A Tarven le gustaba estar con los sarlab. Había ido dando tumbos por la vida sin demasiado éxito. Nació en la clandestinidad, directamente del vientre de su madre. Ningún laboratorio genético tuvo nada que decir sobre su destino, así que su genética fue dejada en manos del azar. A pesar de eso, resultó tener una constitución envidiable y una salud de hierro. Tarven creció entre grescas, ganándose sus créditos en los combates callejeros, gracias a los que llegó a labrarse cierta reputación. «tarven for, invicto», rezaban los pasquines digitales. Ese período acabó cuando encontró otras formas de hacer dinero; se mezcló con maleantes y delincuentes de baja estopa. Éstos se concentraban, principalmente, en operar en lugares como los muelles de carga, donde robaban los contenedores con las mercancías. En esa época, descubrió que luchar con armas era mucho más excitante que usar los puños, los dientes o las piernas.
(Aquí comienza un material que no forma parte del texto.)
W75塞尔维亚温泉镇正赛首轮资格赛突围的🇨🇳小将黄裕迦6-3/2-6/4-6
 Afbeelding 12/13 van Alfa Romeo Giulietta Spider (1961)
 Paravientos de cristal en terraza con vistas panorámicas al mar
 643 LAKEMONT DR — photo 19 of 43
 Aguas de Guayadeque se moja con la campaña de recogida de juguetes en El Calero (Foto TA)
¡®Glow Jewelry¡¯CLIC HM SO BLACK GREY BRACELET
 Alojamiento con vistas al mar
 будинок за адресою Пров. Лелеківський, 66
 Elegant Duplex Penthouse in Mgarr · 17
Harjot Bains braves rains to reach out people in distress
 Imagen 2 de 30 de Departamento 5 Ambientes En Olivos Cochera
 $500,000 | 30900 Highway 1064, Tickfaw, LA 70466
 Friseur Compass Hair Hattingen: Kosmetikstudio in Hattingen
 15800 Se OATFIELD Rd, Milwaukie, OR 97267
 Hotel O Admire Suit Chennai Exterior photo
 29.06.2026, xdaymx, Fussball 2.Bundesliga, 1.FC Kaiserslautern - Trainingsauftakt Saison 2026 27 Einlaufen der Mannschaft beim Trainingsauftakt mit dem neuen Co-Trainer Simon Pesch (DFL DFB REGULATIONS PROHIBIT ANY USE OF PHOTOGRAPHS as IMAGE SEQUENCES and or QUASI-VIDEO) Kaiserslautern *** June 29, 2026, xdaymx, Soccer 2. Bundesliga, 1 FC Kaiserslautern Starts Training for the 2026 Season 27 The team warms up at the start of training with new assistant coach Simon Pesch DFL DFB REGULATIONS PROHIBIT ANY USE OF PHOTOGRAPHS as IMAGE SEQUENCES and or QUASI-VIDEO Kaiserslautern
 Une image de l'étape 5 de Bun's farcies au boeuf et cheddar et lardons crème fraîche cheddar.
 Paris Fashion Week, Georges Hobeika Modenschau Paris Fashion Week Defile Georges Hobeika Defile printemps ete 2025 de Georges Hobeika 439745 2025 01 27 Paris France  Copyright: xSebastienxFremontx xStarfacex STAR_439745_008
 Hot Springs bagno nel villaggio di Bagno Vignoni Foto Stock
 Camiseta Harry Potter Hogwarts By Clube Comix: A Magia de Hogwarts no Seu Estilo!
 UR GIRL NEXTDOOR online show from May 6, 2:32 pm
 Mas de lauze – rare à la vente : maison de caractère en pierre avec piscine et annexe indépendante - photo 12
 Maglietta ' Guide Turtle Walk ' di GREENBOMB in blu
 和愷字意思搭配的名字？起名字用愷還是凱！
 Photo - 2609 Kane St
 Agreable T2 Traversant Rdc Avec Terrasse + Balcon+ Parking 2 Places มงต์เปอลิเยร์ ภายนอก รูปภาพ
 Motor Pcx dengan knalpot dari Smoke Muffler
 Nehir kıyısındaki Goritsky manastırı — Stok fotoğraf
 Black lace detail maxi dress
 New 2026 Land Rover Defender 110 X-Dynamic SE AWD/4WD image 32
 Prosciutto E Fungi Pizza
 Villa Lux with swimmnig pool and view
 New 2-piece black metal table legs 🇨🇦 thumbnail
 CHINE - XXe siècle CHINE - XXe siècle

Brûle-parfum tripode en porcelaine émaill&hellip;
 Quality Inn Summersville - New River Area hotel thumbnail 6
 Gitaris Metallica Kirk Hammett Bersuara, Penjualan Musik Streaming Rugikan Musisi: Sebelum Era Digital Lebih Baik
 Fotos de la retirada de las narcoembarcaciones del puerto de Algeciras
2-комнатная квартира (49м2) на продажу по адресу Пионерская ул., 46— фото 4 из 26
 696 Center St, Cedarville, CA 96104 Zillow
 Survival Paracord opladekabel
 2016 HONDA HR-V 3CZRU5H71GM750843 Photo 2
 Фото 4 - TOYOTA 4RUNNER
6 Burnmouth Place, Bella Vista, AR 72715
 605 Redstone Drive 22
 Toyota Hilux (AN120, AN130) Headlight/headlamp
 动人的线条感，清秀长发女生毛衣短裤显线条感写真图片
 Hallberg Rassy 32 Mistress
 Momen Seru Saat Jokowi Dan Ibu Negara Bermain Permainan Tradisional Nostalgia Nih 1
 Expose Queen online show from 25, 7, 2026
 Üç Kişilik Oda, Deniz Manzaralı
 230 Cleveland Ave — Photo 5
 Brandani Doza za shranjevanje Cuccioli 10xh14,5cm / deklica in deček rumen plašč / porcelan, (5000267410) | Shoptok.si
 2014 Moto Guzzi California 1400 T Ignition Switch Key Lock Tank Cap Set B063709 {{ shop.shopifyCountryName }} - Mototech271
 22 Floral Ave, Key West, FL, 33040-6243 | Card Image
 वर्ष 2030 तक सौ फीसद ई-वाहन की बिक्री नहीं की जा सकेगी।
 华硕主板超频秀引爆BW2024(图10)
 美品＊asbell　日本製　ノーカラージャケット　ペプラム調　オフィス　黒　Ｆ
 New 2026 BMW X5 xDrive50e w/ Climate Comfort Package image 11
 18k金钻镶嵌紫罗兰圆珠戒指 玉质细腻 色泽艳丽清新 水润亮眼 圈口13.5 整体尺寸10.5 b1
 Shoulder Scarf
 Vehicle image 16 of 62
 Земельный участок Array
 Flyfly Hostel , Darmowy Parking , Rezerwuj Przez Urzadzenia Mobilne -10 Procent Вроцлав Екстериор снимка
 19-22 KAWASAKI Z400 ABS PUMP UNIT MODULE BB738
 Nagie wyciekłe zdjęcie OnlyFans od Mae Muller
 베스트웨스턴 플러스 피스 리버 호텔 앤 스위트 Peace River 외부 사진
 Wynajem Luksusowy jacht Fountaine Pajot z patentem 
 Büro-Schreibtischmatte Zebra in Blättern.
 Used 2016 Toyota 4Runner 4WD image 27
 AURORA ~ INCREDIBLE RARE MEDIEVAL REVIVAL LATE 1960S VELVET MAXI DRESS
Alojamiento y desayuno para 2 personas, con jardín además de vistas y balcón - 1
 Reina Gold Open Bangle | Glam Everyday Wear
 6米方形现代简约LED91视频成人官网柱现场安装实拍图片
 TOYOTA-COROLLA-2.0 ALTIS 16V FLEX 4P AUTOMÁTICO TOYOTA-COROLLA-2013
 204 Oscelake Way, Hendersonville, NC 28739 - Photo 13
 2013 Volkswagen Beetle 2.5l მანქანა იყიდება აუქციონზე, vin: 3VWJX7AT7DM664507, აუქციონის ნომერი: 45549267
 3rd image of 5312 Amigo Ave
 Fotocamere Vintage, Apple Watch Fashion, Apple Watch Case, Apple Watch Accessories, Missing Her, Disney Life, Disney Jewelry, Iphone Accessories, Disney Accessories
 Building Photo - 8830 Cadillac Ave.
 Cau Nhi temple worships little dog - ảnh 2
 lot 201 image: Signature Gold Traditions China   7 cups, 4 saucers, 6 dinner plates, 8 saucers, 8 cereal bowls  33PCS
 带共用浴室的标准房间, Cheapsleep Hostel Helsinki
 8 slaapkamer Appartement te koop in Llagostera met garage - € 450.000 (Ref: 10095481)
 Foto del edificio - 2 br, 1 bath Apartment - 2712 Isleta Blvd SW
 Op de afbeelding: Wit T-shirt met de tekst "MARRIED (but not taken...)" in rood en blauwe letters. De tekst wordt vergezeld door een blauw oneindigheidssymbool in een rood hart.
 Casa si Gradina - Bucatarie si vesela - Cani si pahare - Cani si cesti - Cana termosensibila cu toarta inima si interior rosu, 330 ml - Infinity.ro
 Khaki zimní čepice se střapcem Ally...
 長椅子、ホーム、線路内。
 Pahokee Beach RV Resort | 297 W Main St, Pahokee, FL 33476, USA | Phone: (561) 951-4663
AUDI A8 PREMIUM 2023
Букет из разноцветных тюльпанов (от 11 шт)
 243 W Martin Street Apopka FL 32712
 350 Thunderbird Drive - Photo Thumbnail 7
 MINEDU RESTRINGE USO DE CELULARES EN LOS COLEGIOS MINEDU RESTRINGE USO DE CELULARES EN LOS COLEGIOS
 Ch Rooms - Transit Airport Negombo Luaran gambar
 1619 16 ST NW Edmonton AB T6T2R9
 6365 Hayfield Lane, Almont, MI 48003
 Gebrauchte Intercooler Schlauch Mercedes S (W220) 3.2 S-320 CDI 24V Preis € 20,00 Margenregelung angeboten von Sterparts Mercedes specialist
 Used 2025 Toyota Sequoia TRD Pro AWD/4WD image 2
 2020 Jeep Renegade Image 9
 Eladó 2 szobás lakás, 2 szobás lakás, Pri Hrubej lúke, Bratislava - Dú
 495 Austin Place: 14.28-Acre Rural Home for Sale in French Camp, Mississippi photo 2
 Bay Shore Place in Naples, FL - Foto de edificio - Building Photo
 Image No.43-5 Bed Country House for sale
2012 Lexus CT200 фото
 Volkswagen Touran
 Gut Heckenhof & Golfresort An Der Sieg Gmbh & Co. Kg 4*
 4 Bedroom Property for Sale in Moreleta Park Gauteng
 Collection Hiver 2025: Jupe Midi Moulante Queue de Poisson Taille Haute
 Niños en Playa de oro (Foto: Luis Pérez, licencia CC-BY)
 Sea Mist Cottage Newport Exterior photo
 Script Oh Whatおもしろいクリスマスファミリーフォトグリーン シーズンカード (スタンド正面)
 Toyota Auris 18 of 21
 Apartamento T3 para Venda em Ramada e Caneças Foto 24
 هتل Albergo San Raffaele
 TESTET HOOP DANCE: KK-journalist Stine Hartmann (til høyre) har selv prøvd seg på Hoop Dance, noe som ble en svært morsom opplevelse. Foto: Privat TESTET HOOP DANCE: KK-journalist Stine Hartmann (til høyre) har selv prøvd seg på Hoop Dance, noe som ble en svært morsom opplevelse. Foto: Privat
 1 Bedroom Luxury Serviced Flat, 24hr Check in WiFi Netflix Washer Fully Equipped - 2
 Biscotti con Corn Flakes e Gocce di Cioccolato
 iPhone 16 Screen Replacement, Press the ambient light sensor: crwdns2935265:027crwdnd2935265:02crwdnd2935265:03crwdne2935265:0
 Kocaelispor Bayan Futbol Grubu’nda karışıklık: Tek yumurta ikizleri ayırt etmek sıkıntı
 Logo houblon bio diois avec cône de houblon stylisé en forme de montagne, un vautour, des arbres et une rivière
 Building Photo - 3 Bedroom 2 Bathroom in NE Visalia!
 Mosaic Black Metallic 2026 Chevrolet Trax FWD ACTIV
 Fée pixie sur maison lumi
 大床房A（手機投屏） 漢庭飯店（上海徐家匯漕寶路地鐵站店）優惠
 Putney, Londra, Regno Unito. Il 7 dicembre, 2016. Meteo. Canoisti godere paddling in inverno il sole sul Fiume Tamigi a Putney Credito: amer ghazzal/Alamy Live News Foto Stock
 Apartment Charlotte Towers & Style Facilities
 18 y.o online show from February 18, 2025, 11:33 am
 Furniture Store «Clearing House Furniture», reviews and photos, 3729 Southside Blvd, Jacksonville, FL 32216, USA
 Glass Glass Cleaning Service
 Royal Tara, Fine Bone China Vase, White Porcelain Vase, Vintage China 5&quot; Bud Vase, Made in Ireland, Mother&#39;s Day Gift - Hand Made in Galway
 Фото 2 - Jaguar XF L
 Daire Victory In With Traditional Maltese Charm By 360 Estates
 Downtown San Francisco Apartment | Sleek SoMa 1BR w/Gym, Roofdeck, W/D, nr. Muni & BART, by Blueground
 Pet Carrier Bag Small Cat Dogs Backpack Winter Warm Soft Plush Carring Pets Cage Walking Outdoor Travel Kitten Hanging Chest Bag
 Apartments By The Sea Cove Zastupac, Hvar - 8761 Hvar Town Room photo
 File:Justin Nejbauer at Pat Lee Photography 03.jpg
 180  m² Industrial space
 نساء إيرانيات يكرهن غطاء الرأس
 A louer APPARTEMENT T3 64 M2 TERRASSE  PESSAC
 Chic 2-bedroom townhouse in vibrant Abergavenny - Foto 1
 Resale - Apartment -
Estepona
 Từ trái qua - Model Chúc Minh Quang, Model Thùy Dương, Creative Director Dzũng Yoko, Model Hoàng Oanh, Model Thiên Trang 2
Luchar al lado de los sarlab llegó a gustarle mucho. Sólo había dos colores: blanco y negro, la vida y la muerte. Era matar o morir. Enfrentarse a esa realidad cada poco tiempo le ayudaba a valorar las pocas cosas que tenía: su diminuto cubículo en los barracones, el respeto de sus compañeros, su rutinaria vida a bordo de la Imperia… Era una existencia que podía controlar, con pocas premisas y variables, ajena a cualquier valoración moral. Un día cualquiera, su vida se apagaría bajo el fuego enemigo, y a nadie le importaría una mierda. Y eso… eso estaba bien.